そうムーチョだから

イカしたタイトルを思いつくまで。

現実よ、ひれ伏せ

金城一紀の『映画篇』(集英社刊)を読んだ。
書店に並んだときは、すぐにでも読みたいと思ったが、
映画→『ローマの休日』というのが、ちょっと、
と、その捻りのなさに
こちらが首をひねったものだが、
これはもっと早く読めばよかった。
アマゾンのコメントでは、最初はいいが(5本の短篇からなる)
次第にボルテージが下がるという人がいたが、
私は、逆に、一番軽いのに、5番目の「愛の泉」に
読みながら期せずして涙がにじんだ。
5つの物語が、それぞれの時間と場所から(そのうえ趣向も大きく違う)、
次第により集まってくるところは、
1枚の手描きのポスターがきっかけで、
映画を見るために集まってくる
その他大勢の人達にも、小説に書かれなかった
それぞれのの人生があることを想像させる。
映画を仕掛けにするのは、安直だと思う。
でもあえて、それをやって、見事に不安を吹き飛ばしてくれた
金城一紀。
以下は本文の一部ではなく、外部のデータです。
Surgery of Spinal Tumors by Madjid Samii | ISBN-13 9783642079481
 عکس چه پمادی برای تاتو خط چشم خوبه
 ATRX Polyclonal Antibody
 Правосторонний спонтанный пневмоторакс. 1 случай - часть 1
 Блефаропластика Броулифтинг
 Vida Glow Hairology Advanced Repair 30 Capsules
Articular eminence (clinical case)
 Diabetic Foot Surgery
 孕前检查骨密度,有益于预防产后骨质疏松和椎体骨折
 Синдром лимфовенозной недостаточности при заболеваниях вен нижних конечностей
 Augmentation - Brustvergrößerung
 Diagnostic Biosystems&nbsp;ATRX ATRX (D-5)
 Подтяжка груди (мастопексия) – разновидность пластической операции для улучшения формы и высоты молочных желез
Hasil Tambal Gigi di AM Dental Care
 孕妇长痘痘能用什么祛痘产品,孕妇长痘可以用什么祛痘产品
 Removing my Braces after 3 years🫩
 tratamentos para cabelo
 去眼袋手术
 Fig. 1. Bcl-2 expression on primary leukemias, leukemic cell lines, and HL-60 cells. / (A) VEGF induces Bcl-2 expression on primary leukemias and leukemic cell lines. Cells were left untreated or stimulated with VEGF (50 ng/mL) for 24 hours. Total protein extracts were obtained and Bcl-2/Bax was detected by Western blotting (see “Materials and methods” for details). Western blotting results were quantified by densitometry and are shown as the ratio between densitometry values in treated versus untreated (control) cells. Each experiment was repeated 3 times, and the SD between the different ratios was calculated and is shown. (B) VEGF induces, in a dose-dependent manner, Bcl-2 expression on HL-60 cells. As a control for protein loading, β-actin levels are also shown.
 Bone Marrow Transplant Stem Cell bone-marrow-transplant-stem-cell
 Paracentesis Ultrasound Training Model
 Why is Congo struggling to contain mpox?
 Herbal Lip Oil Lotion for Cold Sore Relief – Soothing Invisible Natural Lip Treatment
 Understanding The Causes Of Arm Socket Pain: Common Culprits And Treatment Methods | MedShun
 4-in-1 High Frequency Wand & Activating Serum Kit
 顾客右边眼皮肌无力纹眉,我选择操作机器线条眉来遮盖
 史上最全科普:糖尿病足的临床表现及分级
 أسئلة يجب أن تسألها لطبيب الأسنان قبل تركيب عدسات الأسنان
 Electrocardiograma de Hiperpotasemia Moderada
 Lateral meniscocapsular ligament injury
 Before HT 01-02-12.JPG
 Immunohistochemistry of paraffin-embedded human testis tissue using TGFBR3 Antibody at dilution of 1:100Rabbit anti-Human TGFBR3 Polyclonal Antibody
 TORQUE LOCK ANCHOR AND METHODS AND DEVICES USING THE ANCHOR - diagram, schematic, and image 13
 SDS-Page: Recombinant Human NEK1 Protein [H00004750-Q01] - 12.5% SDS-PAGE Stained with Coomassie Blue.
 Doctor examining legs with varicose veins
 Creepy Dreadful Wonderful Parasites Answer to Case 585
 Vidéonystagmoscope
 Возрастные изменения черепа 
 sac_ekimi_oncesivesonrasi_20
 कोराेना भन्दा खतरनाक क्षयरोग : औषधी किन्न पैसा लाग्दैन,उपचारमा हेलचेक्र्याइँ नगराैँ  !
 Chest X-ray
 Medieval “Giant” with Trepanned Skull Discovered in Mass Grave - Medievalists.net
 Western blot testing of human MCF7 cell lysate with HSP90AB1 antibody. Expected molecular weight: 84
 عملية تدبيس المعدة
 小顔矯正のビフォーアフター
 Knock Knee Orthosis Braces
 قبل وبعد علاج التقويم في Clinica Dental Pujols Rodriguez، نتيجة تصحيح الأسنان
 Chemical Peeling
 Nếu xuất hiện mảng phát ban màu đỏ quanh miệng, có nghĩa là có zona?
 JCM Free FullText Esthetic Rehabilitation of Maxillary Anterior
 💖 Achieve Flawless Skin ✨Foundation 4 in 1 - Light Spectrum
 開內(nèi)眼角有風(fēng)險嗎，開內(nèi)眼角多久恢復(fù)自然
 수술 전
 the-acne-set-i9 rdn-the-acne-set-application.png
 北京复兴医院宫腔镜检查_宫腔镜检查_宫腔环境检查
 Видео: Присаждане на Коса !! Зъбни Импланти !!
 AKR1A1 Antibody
アマゾンに、著者は女性ではないか、というコメントがあったが、
おっ、鋭いなあ、と感心した。
表現の微妙なゆらぎにそれをを感じる。
文体にときおり、素人っぽさが混じるが
それも愛嬌、まあ大目に見よう。
今夜から、オリジナル脚本で「SP」というドラマが、
フジテレビ系で始まる。
タイミング的に、このエントリーが、
私の嫌悪するプロモーションみたくなったのは、
『映画篇』に免じて、許して下さい。